5) For Jenny, this idea prompts her to do some soul searching and ultimately supports her already pervasive suspicion that she has brought this illness on herself. Jenny struggles with this guilt throughout her memoir. Why do you think she feels responsible? It is clear that Jenny does not wish to be sick—that her eating disorder was a compulsion over which she had little control. Why then does she blame herself? Does blaming herself complete the cycle of guilt and self hatred that she is trapped in?

6) While trying to figure out why she has feelings for Doctor P, and why she often feels compelled to challenge the boundaries between herself and older men, Jenny writes: “I think it’s because I find them strong, wise, and passionate about what they do.

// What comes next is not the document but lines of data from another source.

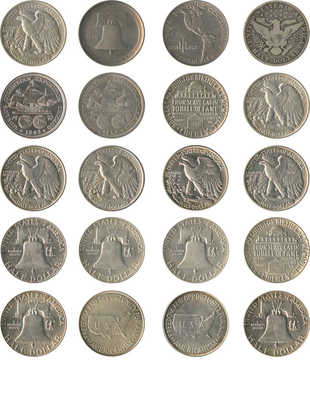 Подборка из 20 монет номиналом 1/2 доллара США 1893-1952 годов
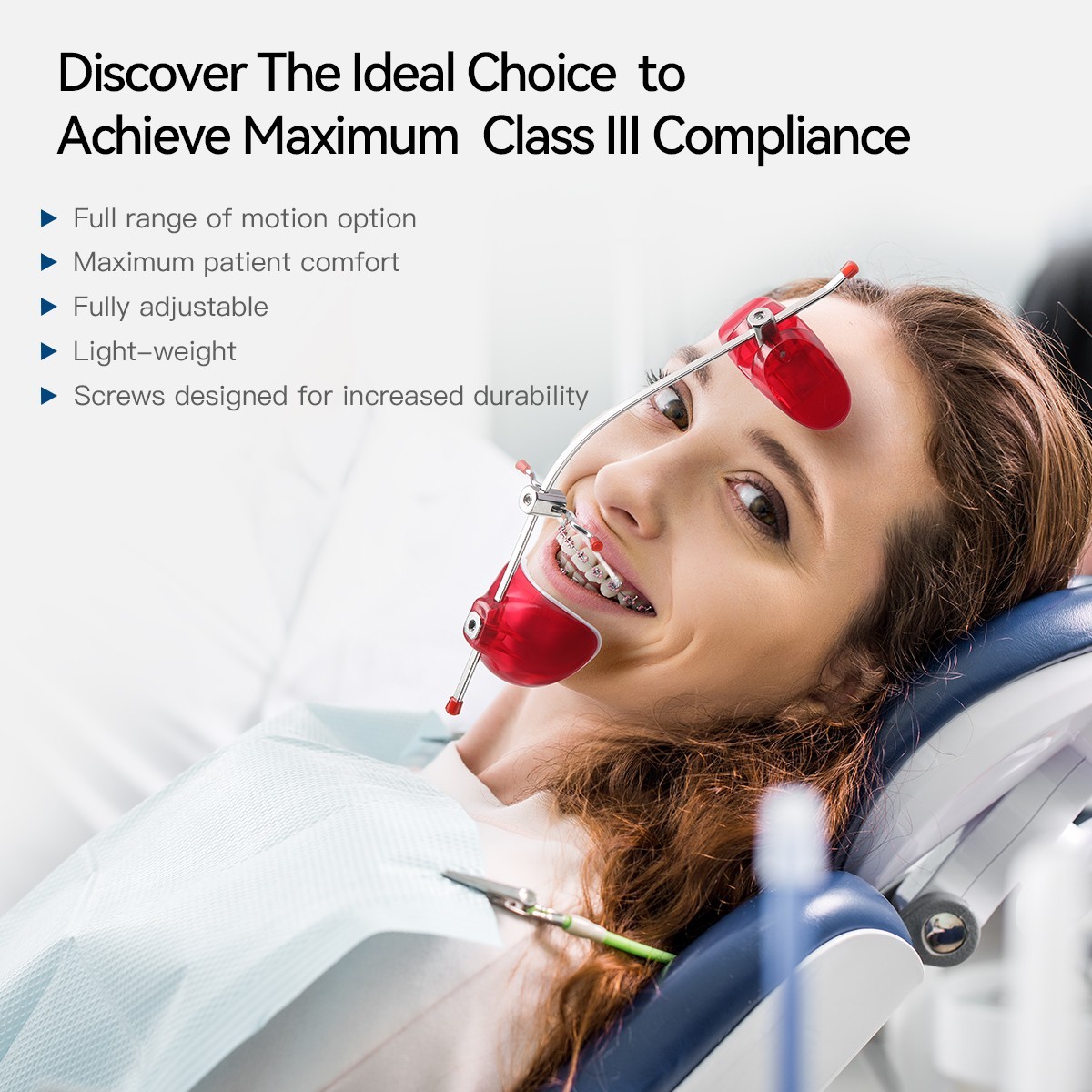 Dental Adjustable Orthodontic Forward Reverse Pull Headgear Facial Mascara
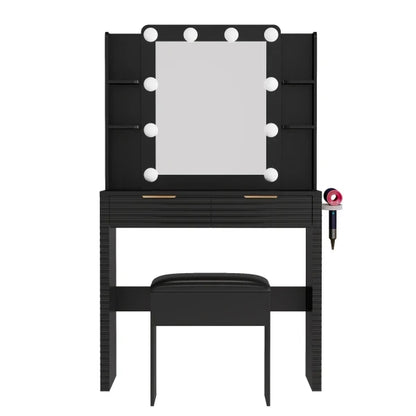 Makeup Vanity Desk with 10 Bulbs, Fluted Dressing Table with Charging Station, 2 Drawers and 4 Open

They’re lustful for life…but I think it’s also because many older men have already dealt with their own demons” (199). Do you think this is true, or does Jenny place the older men in her life on pedestals? Does the kind of wisdom she describes generally characterize men of a certain age? What about women?

7) Throughout her memoir, Jenny contends with the fear of losing her parents. During a psychiatric session with both of them she even admits: “Sometime I’m so scared of my parents dying, that sometimes I think if they died, I’d start living.” (163) It’s normal for people to be anxious about the idea of losing their parents, but why does this idea consume Jenny to the point where it becomes debilitating?

8) Discuss Jenny’s time in Brazil and the various meditation exercises that she took part in there. Although she does not appear to receive a miracle cure, Jenny returns to New York rejuvenated. In fact, upon coming back to her family, it almost seems that she has finally reached the end of her long, arduous journey. What do you think John of God and the people at his healing center did for Jenny that the entire medical community of New York City could not?

9) “I am a kept woman suffocating on guilt, lacking a sense of identity, wondering if that is why I’m sick” (81). In what ways does this quote, which comes early on in the book, get to the heart of much of Jenny’s mental suffering? Talk about Jenny’s sense of identity and how it fluctuates as her story progresses. Although Jenny wholeheartedly embraces her family and, to some extent, embraces the public image that the Lauren Empire has created, she also feels extremely stifled by it, so much so that she spends most of her youth coming to terms with these feelings. What ultimately brings Jenny to a place where she can separate the world of Lauren and her own sense of self?

10) According to the National Center for Health Statistics an estimated 65 percent of U.S. adults are either overweight or obese; yet, if you turn on the television or open a magazine thin figures are everywhere. What accounts for this growing discrepancy between the ideal and the reality? Is one fueling the other?

11) The topic of eating disorders has received significant media and popular culture attention over the past few years. But although this problem receives a fair degree of lip service, mass media still encourage women to idolize unrealistically thin body types. Do you think this trend will ever go away? Why do women, more than men, face this pressure to be thin?

12) In her early teens, Jenny is very anxious about getting her period. “I was afraid they would make me fat…and, yeah, obviously maybe I didn’t want to grow up. (161) Does her epiphany shed light on a larger problem? Many young girls develop eating disorders while they are going through puberty and their bodies begin to change. Do you think they fear becoming women? Is our cultural fear of fat actually a fear of the female?

13) Jenny says at one point, “I’ve always wanted to believe I was smart and capable. But of course it was more important to be thin and beautiful.” (175) Is this an extreme attitude, or do you think many women feel this way in our culture? Do you think people in higher socioeconomic groups are more or less susceptible to this kind of narcissism?